Terjemah Surat Saba’ Ayat 1-5

1. Segala puji[1] bagi Allah yang memiliki apa yang ada di langit dan apa yang ada di bumi[2] dan segala puji di akhirat bagi Allah[3]. Dan Dialah Yang Mahabijaksana[4] lagi Mahateliti[5].

2. Dia mengetahui apa yang masuk ke dalam bumi[6], apa yang keluar darinya[7], apa yang turun dari langit[8] dan apa yang naik kepadanya[9]. [10]Dan Dialah Yang Maha Penyayang lagi Maha Pengampun.

3. [11]Dan orang-orang yang kafir[12] berkata, “Hari Kiamat itu tidak akan datang kepada kami[13].” Katakanlah, “Pasti datang, demi Tuhanku yang mengetahui yang gaib, Kiamat itu pasti akan datang kepadamu. Tidak ada yang tersembunyi bagi-Nya sekalipun sebesar zarrah[14] baik yang di langit dan yang di bumi, yang lebih kecil dari itu atau yang lebih besar, semuanya (tertulis) dalam kitab yang jelas (Lauh Mahfuzh)[15],”

4. [16]agar Dia (Allah) memberi balasan kepada orang-orang yang beriman[17] dan mengerjakan kebajikan[18]. Mereka memperoleh ampunan[19] dan rezeki yang mulia (surga)[20].

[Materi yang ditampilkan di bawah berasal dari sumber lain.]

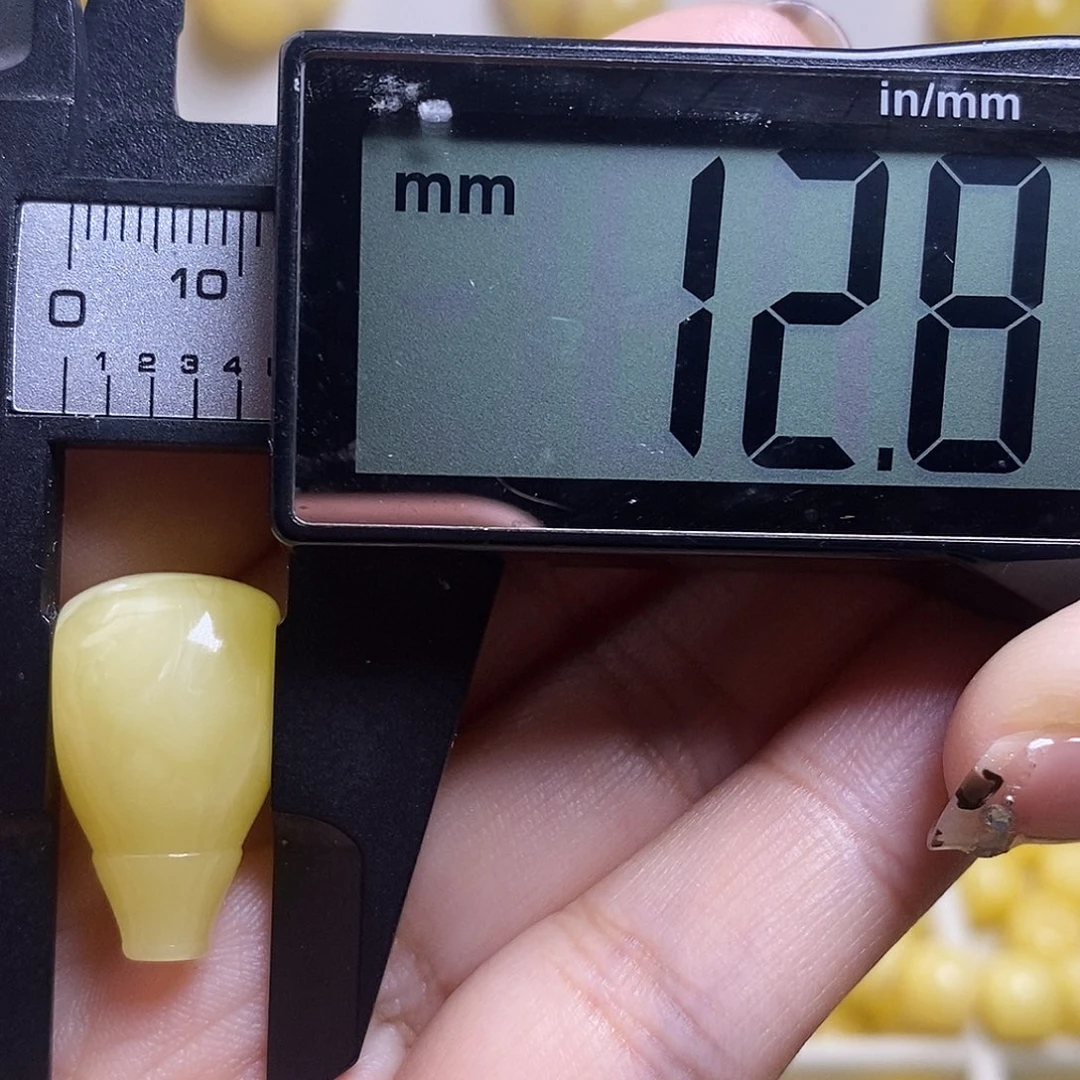 裸石琥珀未镶嵌清**夏蜜蜡三通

5. Dan orang-orang yang berusaha untuk (menentang) ayat-ayat Kami dengan anggapan mereka dapat melemahkan (menggagalkan azab kami)[21], mereka itu akan memperoleh azab, yaitu azab yang sangat pedih[22].

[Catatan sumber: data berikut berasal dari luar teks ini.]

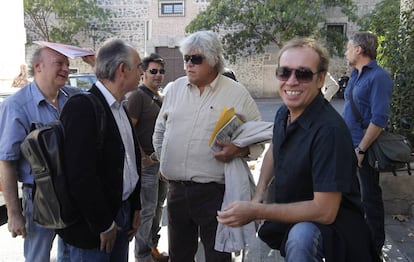 Caco Senante, en el centro, con miembros de la SGAE en 2011.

Ayat 6-9: Menetapkan bahwa Al Qur’an adalah hak (benar) tidak ada keraguan padanya, dan ancaman untuk orang-orang kafir karena mengolok-olok Rasulullah shallallahu ‘alaihi wa sallam.

  وَيَرَى الَّذِينَ أُوتُوا الْعِلْمَ الَّذِي أُنْزِلَ إِلَيْكَ مِنْ رَبِّكَ هُوَ الْحَقَّ وَيَهْدِي إِلَى صِرَاطِ الْعَزِيزِ الْحَمِيدِ (٦) وَقَالَ الَّذِينَ كَفَرُوا هَلْ نَدُلُّكُمْ عَلَى رَجُلٍ يُنَبِّئُكُمْ إِذَا مُزِّقْتُمْ كُلَّ مُمَزَّقٍ إِنَّكُمْ لَفِي خَلْقٍ جَدِيدٍ (٧) أَفْتَرَى عَلَى اللَّهِ كَذِبًا أَمْ بِهِ جِنَّةٌ بَلِ الَّذِينَ لا يُؤْمِنُونَ بِالآخِرَةِ فِي الْعَذَابِ وَالضَّلالِ الْبَعِيدِ (٨) أَفَلَمْ يَرَوْا إِلَى مَا بَيْنَ أَيْدِيهِمْ وَمَا خَلْفَهُمْ مِنَ السَّمَاءِ وَالأرْضِ إِنْ نَشَأْ نَخْسِفْ بِهِمُ الأرْضَ أَوْ نُسْقِطْ عَلَيْهِمْ كِسَفًا مِنَ السَّمَاءِ إِنَّ فِي ذَلِكَ لآيَةً لِكُلِّ عَبْدٍ مُنِيبٍ (٩)

 

Terjemah Surat Saba’ Ayat 6-9

6. [23]Dan orang-orang yang diberi ilmu (Ahli Kitab)[24] berpendapat bahwa (wahyu) yang diturunkan kepadamu (Muhammad) dari Tuhanmu itulah yang benar dan [25]memberi petunjuk (bagi manusia) kepada jalan (Allah) Yang Mahaperkasa lagi Maha Terpuji.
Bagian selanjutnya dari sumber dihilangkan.